Canada has a clear opportunity to leverage its deep scientific and research capabilities to transform its innovation system to be less dependent on the U.S. Photo by Tara Winstead/Pexels

With tariff threats remaining front and centre, Canadian leaders have a renewed motivation to transform our economy to be less reliant on the United States and focus more on innovation, particularly at a time when the U.S. is gutting its world-leading science agencies. 

While Canada is a global leader in artificial intelligence (AI) in general, it has specific advantages in the area of AI-assisted drug discovery. To benefit from this, Canada must harness and prioritize the development of large, mostly open, biomedical databases.

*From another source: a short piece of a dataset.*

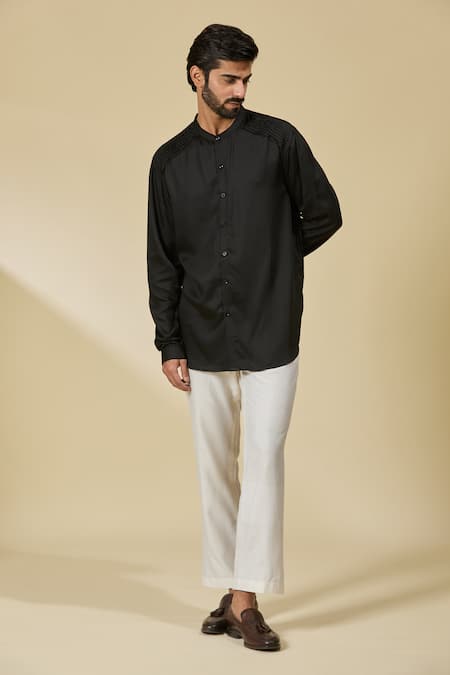 EWOKE_Black Tencel Solid Shirt _at_Aza_Fashions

Canada is a powerhouse of talent, government commitment, and investment in AI, ranking 8th in AI capacity worldwide. We are weak, however, in translating those attributes into domestic economic assets. It has been faster and more lucrative for Canadian companies to sell their ideas to the U.S. than build and expand in Canada. Where we need to improve is in Canada’s uncertain regulatory environment, data infrastructure, and in Canadian adoption of AI. We are making progress but need to do more.

Only 13.8 per cent of drugs  tested on humans make it to the pharmacy. Most drug candidates do not even get as far as being tested. AI-assisted drug discovery promises to dramatically change those odds.  

AI is expected to eventually reduce costs, increase patient safety, and advance drugs for the 95 per cent of rare diseases that have no existing treatment. But this is the future; today the field remains in its infancy. No country currently leads in AI-assisted drug discovery and development, offering an opportunity. 

Access to data drives AI-drug discovery and development. Data is essential for both training AI – the Nobel winning AlphaFold2 researchers drew on 50 years of well-curated and open data in the Protein Data Bank — and for testing new AI methods. Building large, well-constructed data sets takes effort, investment, and a community that works together. Testing AI predictions takes additional investment.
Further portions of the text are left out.